Every line of the listing belongs in your answer exactly as written; the images do not.

## DATA EXCERPT:
+ + + + +

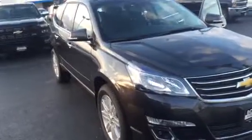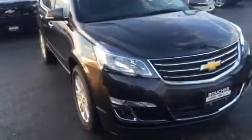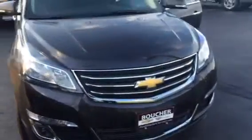Hi, Amanda Boucher for Inc. Boucher Chevrolet, Cadillac, and Racine. I wanted to send you a quick video on this versatile 2015 Chevrolet Traverse.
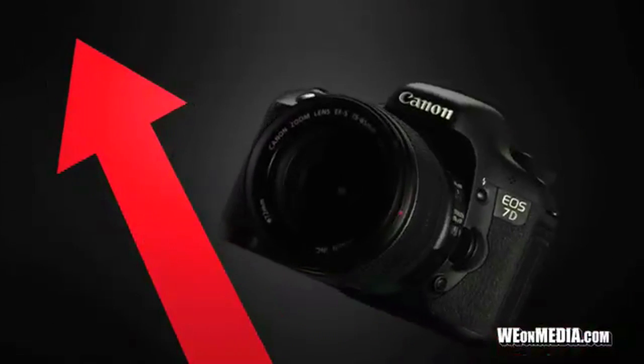With the new EOS 7D firmware upgrade, you will experience a whole new level of performance and operation, putting even more power in your hands.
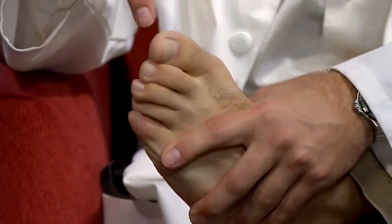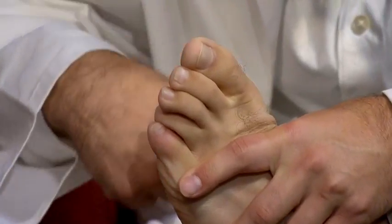And that bit of skin that goes over the nail, that's the cuticle. That's the cuticle, everyone.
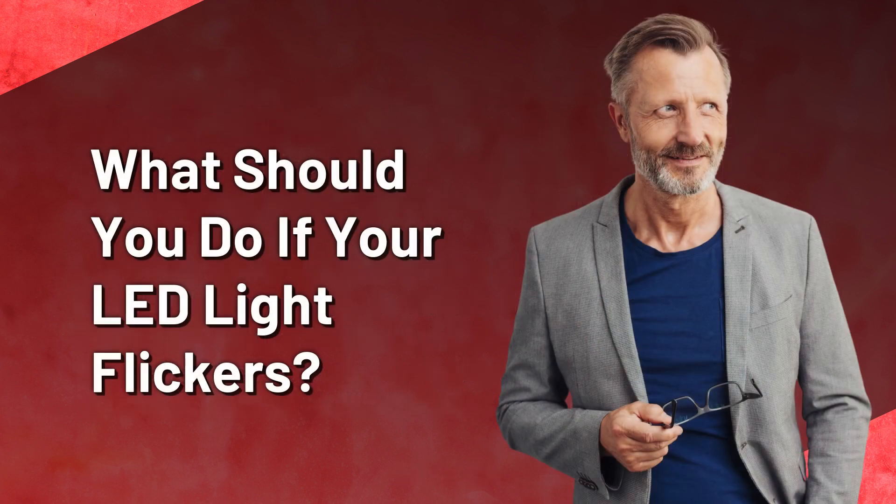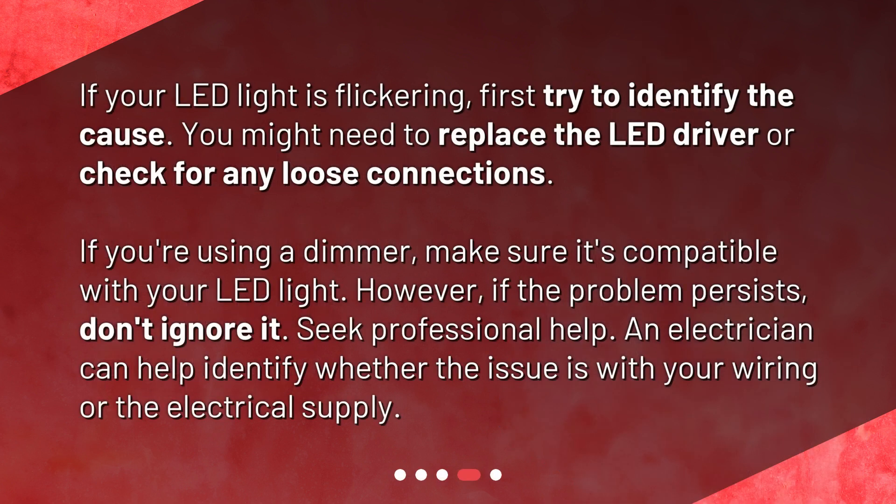What should you do if your LED light flickers? If your LED light is flickering, first try to identify the cause. You might need to replace the LED driver or check for any loose connections. If you're using a dimmer, make sure it's compatible with your LED light. However, if the problem persists, don't ignore it — seek professional help. An electrician can help identify whether the issue is with your wiring or the electrical supply.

+ + + + +

## EXPECTED ANSWER:
Hi, Amanda Boucher for Inc. Boucher Chevrolet, Cadillac, and Racine. I wanted to send you a quick video on this versatile 2015 Chevrolet Traverse.
With the new EOS 7D firmware upgrade, you will experience a whole new level of performance and operation, putting even more power in your hands.
And that bit of skin that goes over the nail, that's the cuticle. That's the cuticle, everyone.
What should you do if your LED light flickers? If your LED light is flickering, first try to identify the cause. You might need to replace the LED driver or check for any loose connections. If you're using a dimmer, make sure it's compatible with your LED light. However, if the problem persists, don't ignore it — seek professional help. An electrician can help identify whether the issue is with your wiring or the electrical supply.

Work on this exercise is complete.